Reading Sara Review: We Are All Completely Beside Ourselves, by Karen Joy Fowler

We Are All Completely Beside Ourselves,
by Karen Joy Fowler

we are all completely

Rating: 5/5

Paperback: 320 pages

Publisher: Plume; Reprint edition (February 25, 2014)

Reading Sara Review: This is one of those books that I can’t believe it took me so long to read. I loved it. I am trying to figure out a way to write this review without revealing too much – because my favorite part of the book was the twist about 2/3rds of the way in (it’s not a Gone Girl twist, it is something that will make you smile). Fowler’s writing immediately captured me, making me pause mid-reading to absorb her words.

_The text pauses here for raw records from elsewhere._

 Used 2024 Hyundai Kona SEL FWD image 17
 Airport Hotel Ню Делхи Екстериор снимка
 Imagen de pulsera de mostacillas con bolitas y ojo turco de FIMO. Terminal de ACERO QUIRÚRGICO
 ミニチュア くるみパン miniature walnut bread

It is authors like this that make me fear writing myself, because her prose instills so much in the reader, how could I ever write that well? Fowler is the author of the Jane Austen Book Club, which I certainly enjoyed reading as a loyal reader of most things Austen-related. However, this writing was leaps and bounds from her previous books that I have read.

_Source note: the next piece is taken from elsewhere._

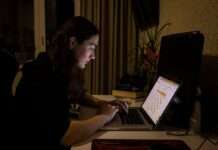 В Одеській області після трьох днів “блекауту” вводять графіки відключень світла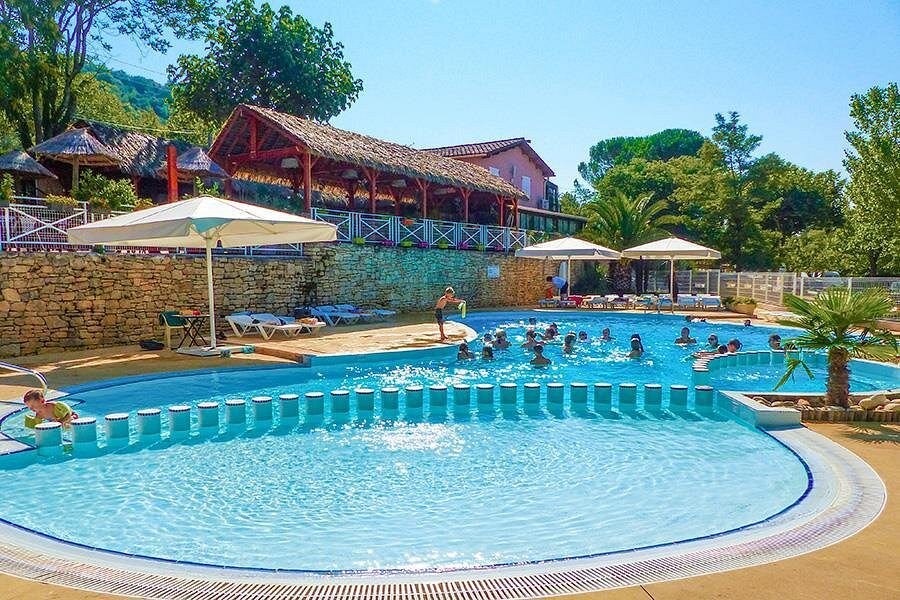 Quels sont les campings d&rsquo;Ardèche avec les plus belles piscines ?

It was lines like these that spoke deeply to me:

“…I’d left Dexter Poindexter, my terry-cloth penguin (threadbare, ravaged by love – as who amongst us is not) in a gas station…”

“The happening and telling are very different things. This doesn’t mean that the story isn’t true, only that I honestly don’t know any more if I really remember it or only remember how to tell it. Language does this to our memories, simplifies, solidifies, codifies, mummifies. An off-told story is like a photograph in a family album. Eventually it replaces the moment it was meant to capture.” 

“The sunset you see is always better than the one you don’t. More stars are always better than less.” 

“Apparently, all you needed to be considered normal was no evidence to the contrary.” 

Aside from the surprises in the story, which I will not spoil for you, this book is about a family, and how the family grew apart and attempts to come back. It is about siblings, their loyalty and devotion – even when it seems like they are worlds apart. Rosemary Cooke is a wonderful character, who despite being mostly friendless and hiding many secrets, is relatable. She did not choose the life that she ended up in, but it shaped her in ways that made her humane and interesting.

The story jumps around a little bit, which I have heard other readers complain about. I liked the mystery of it and the confusion of what happened and the mystery of what happens next, since we come to Rosemary’s story in the middle of it.

As usual, this book is probably not for everyone –but I loved it, and think it is worth the praise that it has received. Thank you, Lisa, for the high recommendation!